PyTorch RoFormer & RoFormer-V2

RoFormer模型和RoFormer-V2模型

更新

2022/04/02 （1）修改RoFormerForCausalLM，支持roformer-sim并提供相关的例子，请见examples/test_sim.py。（2）修改apply_rotary实现方式，看起来更简单。

def apply_rotary(x, sinusoidal_pos):
    sin, cos = sinusoidal_pos
    x1, x2 = x[..., 0::2], x[..., 1::2]
    return torch.cat([x1 * cos - x2 * sin, x2 * cos + x1 * sin], dim=-1)

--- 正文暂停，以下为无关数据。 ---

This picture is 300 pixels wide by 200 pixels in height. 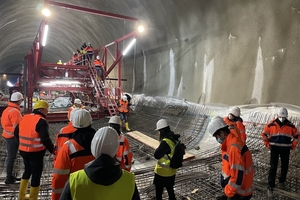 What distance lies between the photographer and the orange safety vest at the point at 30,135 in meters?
3.02

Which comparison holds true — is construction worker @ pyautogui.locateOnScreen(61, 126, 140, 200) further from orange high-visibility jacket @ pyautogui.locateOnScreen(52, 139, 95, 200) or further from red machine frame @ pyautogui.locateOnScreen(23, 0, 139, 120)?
red machine frame @ pyautogui.locateOnScreen(23, 0, 139, 120)

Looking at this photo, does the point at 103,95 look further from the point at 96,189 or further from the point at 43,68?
the point at 96,189

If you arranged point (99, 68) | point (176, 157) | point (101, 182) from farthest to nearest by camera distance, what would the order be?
point (99, 68), point (176, 157), point (101, 182)

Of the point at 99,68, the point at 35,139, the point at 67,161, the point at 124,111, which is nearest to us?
the point at 67,161

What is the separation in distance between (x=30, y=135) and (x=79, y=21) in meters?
14.2

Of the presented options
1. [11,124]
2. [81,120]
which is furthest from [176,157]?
[11,124]

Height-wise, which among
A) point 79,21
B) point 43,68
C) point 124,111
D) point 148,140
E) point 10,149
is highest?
point 79,21

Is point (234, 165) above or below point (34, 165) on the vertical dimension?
above

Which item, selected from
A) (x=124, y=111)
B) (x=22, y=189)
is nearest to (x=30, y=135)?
(x=22, y=189)

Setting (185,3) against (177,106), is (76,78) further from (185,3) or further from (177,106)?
(185,3)

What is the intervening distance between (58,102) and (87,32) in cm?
618

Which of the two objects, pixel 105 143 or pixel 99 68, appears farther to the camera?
pixel 99 68

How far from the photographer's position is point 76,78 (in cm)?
1057

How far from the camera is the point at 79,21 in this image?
15.5 meters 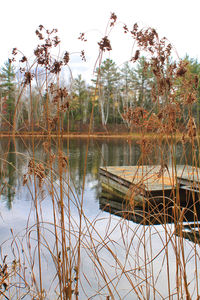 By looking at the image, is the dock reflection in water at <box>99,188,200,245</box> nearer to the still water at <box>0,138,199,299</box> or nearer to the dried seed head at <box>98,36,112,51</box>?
the still water at <box>0,138,199,299</box>

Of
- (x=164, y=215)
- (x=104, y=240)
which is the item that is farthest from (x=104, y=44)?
(x=104, y=240)

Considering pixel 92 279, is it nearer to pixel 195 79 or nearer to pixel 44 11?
pixel 195 79

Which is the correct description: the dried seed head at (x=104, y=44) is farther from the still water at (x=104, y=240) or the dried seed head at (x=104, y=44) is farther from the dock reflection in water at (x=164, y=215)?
the dock reflection in water at (x=164, y=215)

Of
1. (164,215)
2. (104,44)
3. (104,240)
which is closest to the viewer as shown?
(104,44)

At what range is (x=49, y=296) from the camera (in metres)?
1.80

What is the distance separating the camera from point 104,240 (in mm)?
1234

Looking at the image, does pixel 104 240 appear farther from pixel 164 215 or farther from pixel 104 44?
pixel 104 44

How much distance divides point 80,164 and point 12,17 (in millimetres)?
7552

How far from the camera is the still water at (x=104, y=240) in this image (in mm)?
1199

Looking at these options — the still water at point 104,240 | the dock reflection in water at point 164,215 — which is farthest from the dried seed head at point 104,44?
the dock reflection in water at point 164,215

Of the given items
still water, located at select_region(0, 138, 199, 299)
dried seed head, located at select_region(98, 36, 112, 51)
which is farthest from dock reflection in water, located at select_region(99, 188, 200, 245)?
dried seed head, located at select_region(98, 36, 112, 51)

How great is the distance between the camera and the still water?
47.2 inches

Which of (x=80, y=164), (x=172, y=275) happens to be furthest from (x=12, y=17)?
(x=80, y=164)

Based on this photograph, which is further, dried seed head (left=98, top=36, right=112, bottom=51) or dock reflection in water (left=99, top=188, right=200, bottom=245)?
dock reflection in water (left=99, top=188, right=200, bottom=245)
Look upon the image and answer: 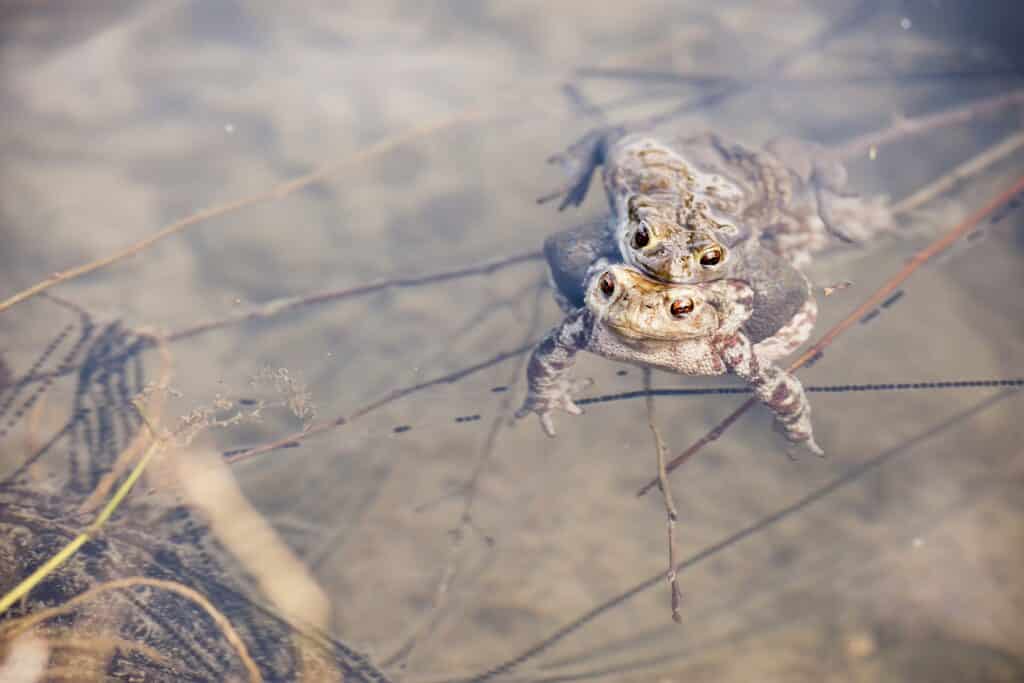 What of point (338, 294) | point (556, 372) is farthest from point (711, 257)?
point (338, 294)

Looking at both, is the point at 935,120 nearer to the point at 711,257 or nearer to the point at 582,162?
the point at 582,162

2022/03/21 添加roformer-v2的权重, 注：必须使用本仓库的代码，不能使用transformers仓库的代码!!!

安装

# v2版本
pip install roformer>=0.4.0
# v1版本(代码已经加入到huggingface仓库，请使用新版本的transformers)
pip install -U transformers

roformer-sim测试例子

import torch
import numpy as np
from roformer import RoFormerForCausalLM, RoFormerConfig
from transformers import BertTokenizer

device = torch.device('cuda:0' if torch.cuda.is_available() else 'cpu')
# 可选以下几个。
# junnyu/roformer_chinese_sim_char_small, junnyu/roformer_chinese_sim_char_base
# junnyu/roformer_chinese_sim_char_ft_small, roformer_chinese_sim_char_ft_base
pretrained_model = "junnyu/roformer_chinese_sim_char_base"
tokenizer = BertTokenizer.from_pretrained(pretrained_model)
config = RoFormerConfig.from_pretrained(pretrained_model)
config.is_decoder = True
config.eos_token_id = tokenizer.sep_token_id
config.pooler_activation = "linear"
model = RoFormerForCausalLM.from_pretrained(pretrained_model, config=config)
model.to(device)
model.eval()

def gen_synonyms(text, n=100, k=20):
    ''''含义： 产生sent的n个相似句，然后返回最相似的k个。
    做法：用seq2seq生成，并用encoder算相似度并排序。
    '''
    # 寻找所有相似的句子
    r = []
    inputs1 = tokenizer(text, return_tensors="pt")
    for _ in range(n):
        inputs1.to(device)
        output = tokenizer.batch_decode(model.generate(**inputs1, top_p=0.95, do_sample=True, max_length=128), skip_special_tokens=True)[0].replace(" ","").replace(text, "") # 去除空格，去除原始text文本。
        r.append(output)
    
    # 对相似的句子进行排序
    r = [i for i in set(r) if i != text and len(i) > 0]
    r = [text] + r
    inputs2 = tokenizer(r, padding=True, return_tensors="pt")
    with torch.no_grad():
        inputs2.to(device)
        outputs = model(**inputs2)
        Z = outputs.pooler_output.cpu().numpy()
    Z /= (Z**2).sum(axis=1, keepdims=True)**0.5
    argsort = np.dot(Z[1:], -Z[0]).argsort()
    
    return [r[i + 1] for i in argsort[:k]]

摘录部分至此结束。